On September 6, NEMA filed formal written comments with the Office of the United States Trade Representative (USTR) on its proposal to place additional import tariffs of 10 or 25 percent on a list of more than 6,000 products made in China. The list included more than 70 product types of concern for NEMA Members, including finished goods as well as inputs and components that support manufacturing and assembly operations located in the U.S., accounting for imports in 2017 valued at approximately $22 billion.
Writ large, if 10 or 25 percent tariffs were to be implemented as proposed, they could represent an additional tax increase on U.S. electroindustry companies and their industrial, commercial, and residential customers of approximately $2.2 billion to $5.4 billion. These tariffs would be in addition to the $2 billion in U.S. tariffs implemented on Chinese-made products imported under approximately 100 8-digit Harmonized System codes on July 6 as well as $500 million in tariffs begun on 31 Harmonized System codes on August 23.

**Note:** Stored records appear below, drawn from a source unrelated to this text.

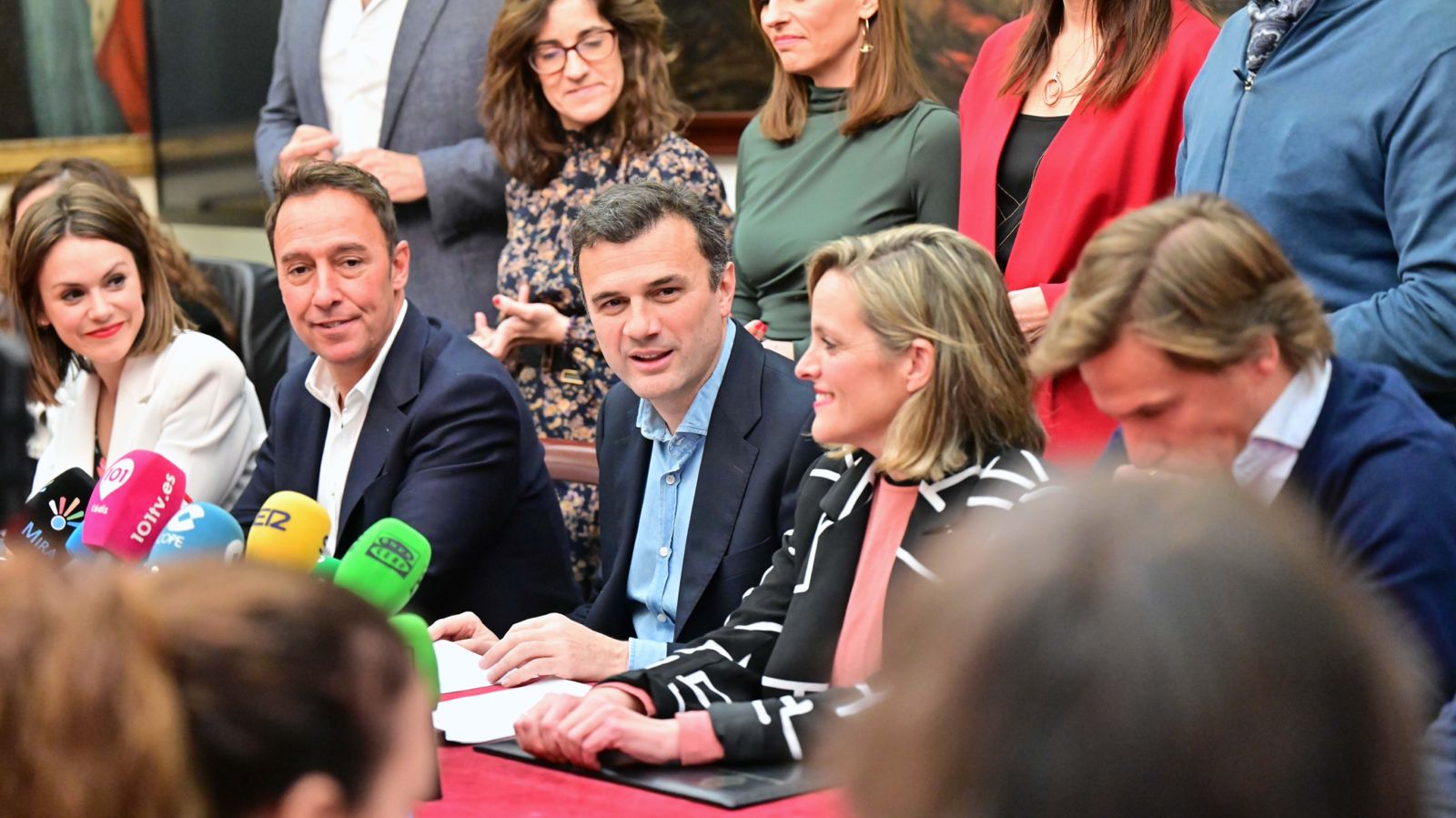 Un nuevo presupuesto y los pliegos de ayuda a domicilio y transporte, los principales retos del Gobierno de Cádiz en 2024 Un nuevo presupuesto y los pliegos de ayuda a domicilio y transporte, los principales retos del Gobierno de Cádiz en 2024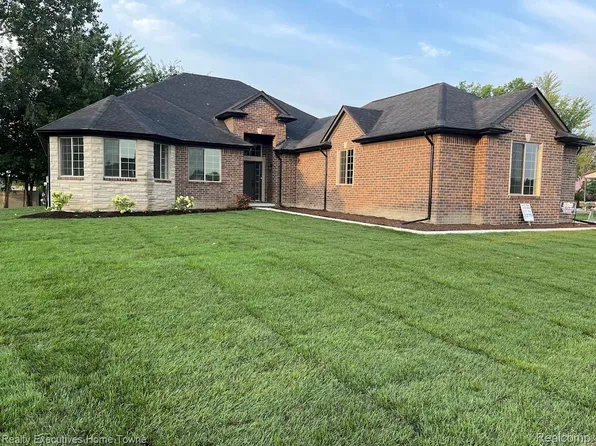 35990 Windridge Dr, New Baltimore, MI 48047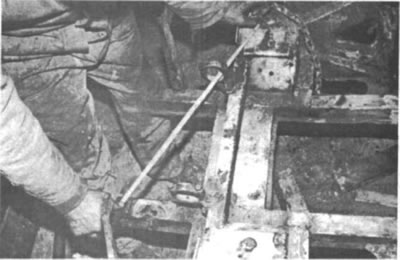 Рис. 346. ...в то время как здесь сравнивается…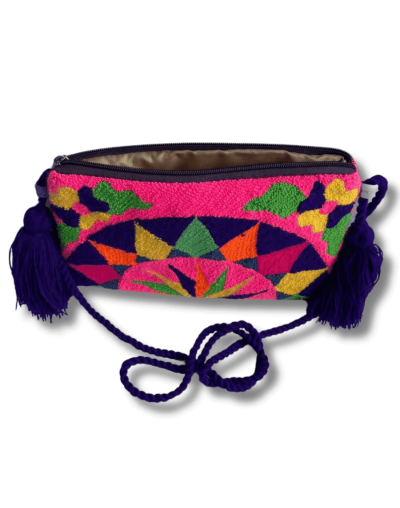 Bolso tapizado wayúu cargadera y borla azul mimada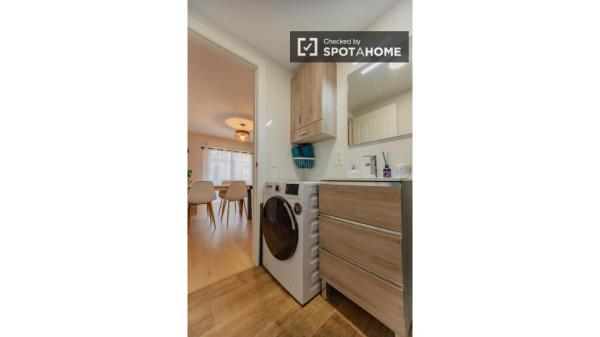 Apartamento de 4 dormitorios en alquiler en Patraix, Valencia.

Also on September 6, the Commerce Department released a pre-publication copy of a new interim final rule governing the exclusion process for imported steel and aluminum products that face tariffs or quantitative restrictions based on U.S. national security concerns.
Under the new rule, which is open for public comment, petitioners who face objections from domestic steel or aluminum companies will have the opportunity to publicly rebut those objections. The objectors will also have a chance to respond to the petitioners’ rebuttal. Commerce also clarified several criteria it uses in evaluating petitions and objections, including domestic availability and product quality.